▶ **Work request**:
What's needed is an exact copy of all the data below, without pictures.

▶ **Recorded data**:
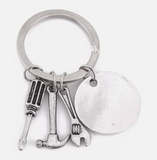 Silver Keyring with the words - If dad can't fix it no one can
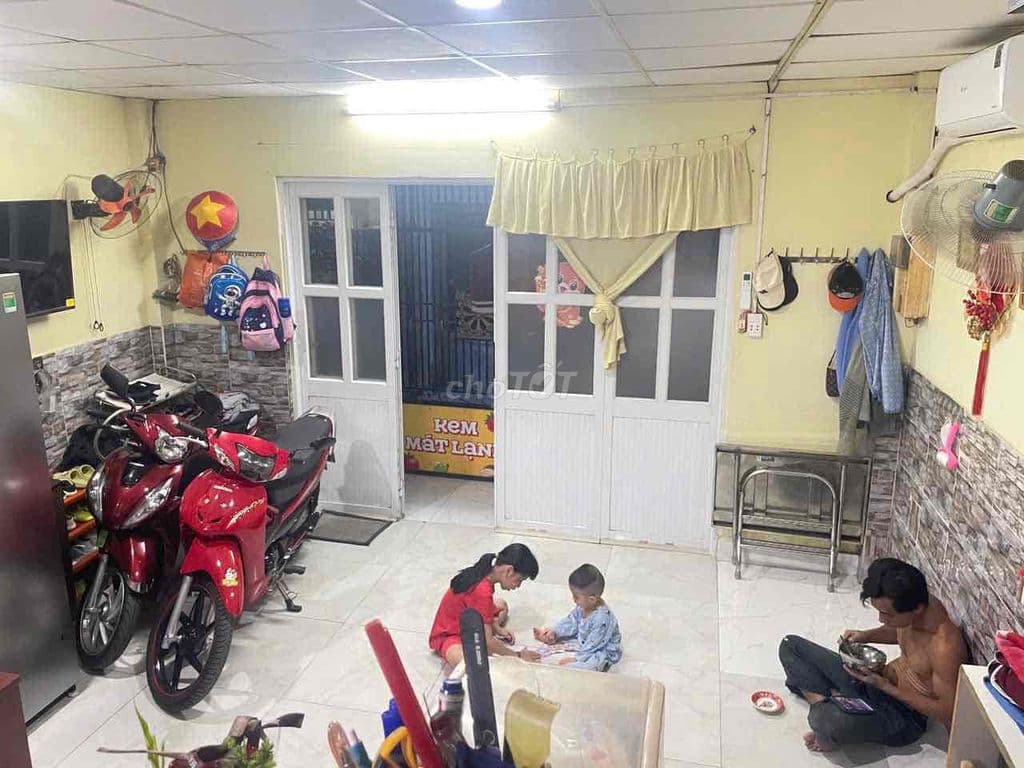 nhà 1 lầu tô ngọc vân ngay phạm văn đồng hẻm thông sổ hồng riêng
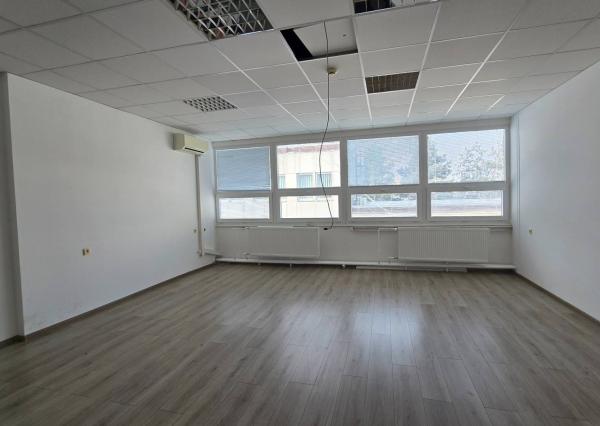 Voľná kancelária 45,5 m² na prenájom - Piešťany, Vajanského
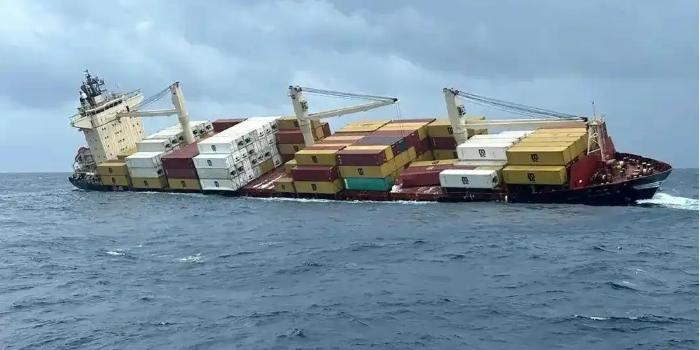 集裝箱船遇險(xiǎn)沉沒，數(shù)百個(gè)集裝箱墜海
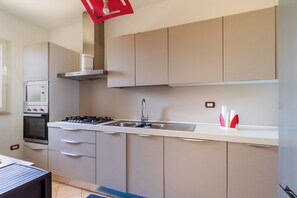 Een koelkast, een magnetron, een oven, een kookplaat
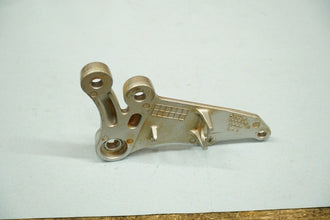 2006-2007 SUZUKI GSX-R600/750 FRONT RIGHT FOOTREST BRACKET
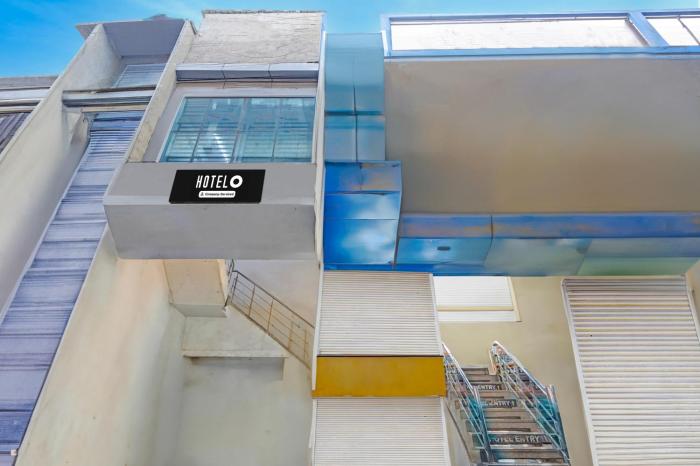 Hotel O Sector 110 Noida Formerly Luv Kush Tower Bhangel,,4 star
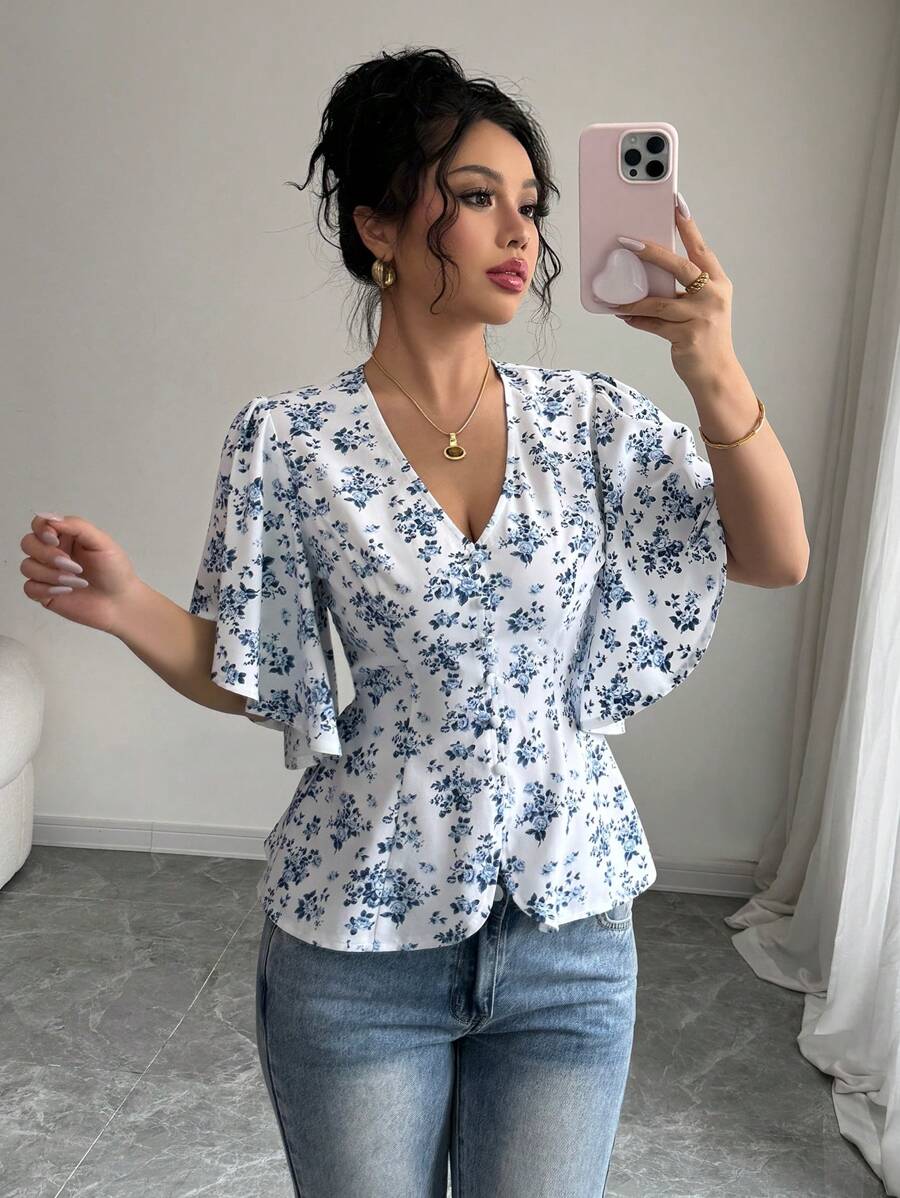 Selianne 女士春夏法式优雅休闲通勤度假下午茶花卉印花 V 领收腰褶皱鱼尾泡泡袖衬衫 - 藍白色 - 查看 1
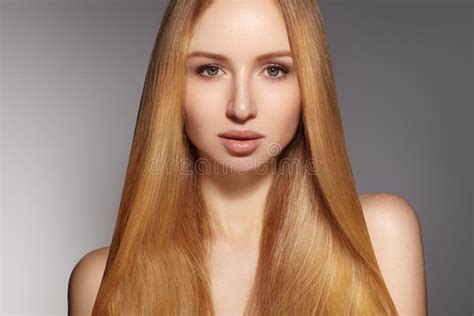 Fashion Long Hair Beautiful Blond Girl Healthy Straight Shiny Hair Style Beauty Woman Model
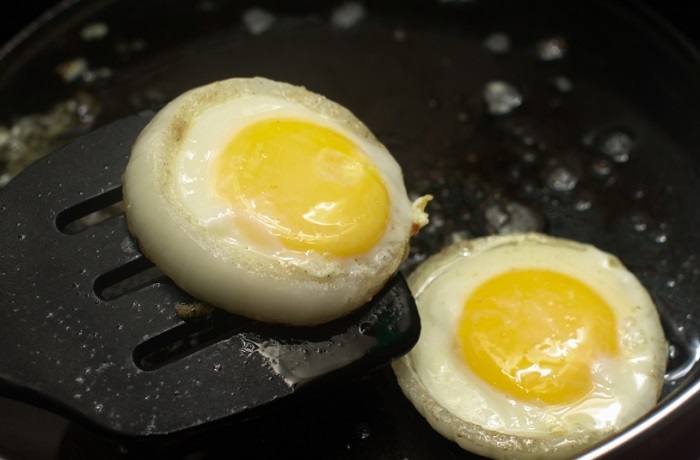 Делайте яичницу в луковых кольцах. / Фото: povar.ru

▶ **Task output**:
 Silver Keyring with the words - If dad can't fix it no one can
 nhà 1 lầu tô ngọc vân ngay phạm văn đồng hẻm thông sổ hồng riêng
 Voľná kancelária 45,5 m² na prenájom - Piešťany, Vajanského
 集裝箱船遇險(xiǎn)沉沒，數(shù)百個(gè)集裝箱墜海
 Een koelkast, een magnetron, een oven, een kookplaat
 2006-2007 SUZUKI GSX-R600/750 FRONT RIGHT FOOTREST BRACKET
 Hotel O Sector 110 Noida Formerly Luv Kush Tower Bhangel,,4 star
 Selianne 女士春夏法式优雅休闲通勤度假下午茶花卉印花 V 领收腰褶皱鱼尾泡泡袖衬衫 - 藍白色 - 查看 1
 Fashion Long Hair Beautiful Blond Girl Healthy Straight Shiny Hair Style Beauty Woman Model
 Делайте яичницу в луковых кольцах. / Фото: povar.ru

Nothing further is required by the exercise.